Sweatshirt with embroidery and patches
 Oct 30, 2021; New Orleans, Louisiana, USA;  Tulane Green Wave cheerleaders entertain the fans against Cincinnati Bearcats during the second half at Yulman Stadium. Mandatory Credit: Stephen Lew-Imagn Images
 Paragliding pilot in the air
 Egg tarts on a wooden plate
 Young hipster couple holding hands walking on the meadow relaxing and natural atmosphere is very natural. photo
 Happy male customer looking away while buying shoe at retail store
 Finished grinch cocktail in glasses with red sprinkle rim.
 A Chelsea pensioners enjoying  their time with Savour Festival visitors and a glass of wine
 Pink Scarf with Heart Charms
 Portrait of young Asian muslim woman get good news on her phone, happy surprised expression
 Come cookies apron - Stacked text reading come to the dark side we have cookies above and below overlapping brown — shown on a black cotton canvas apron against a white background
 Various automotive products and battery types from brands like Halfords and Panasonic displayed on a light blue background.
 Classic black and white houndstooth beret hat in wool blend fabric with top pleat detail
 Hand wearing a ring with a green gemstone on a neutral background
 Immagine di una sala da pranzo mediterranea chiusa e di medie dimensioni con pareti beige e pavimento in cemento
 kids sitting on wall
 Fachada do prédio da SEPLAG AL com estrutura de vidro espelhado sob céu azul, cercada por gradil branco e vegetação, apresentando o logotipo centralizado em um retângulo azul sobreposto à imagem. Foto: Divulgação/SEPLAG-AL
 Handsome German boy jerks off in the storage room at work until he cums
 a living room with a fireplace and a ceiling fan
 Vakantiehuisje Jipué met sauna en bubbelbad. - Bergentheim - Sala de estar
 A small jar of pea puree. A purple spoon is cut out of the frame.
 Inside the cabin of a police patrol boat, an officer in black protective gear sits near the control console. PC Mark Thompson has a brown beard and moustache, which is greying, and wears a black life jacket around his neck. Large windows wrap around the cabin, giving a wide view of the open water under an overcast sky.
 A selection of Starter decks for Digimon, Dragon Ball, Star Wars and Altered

===

**What to produce:** Transcribe, exactly and without additions, the lines of the records above, beginning with the line that contains "Immagine di una" and ending with the line that contains "kids sitting on wall", both included.

**Result below:**
 Immagine di una sala da pranzo mediterranea chiusa e di medie dimensioni con pareti beige e pavimento in cemento
 kids sitting on wall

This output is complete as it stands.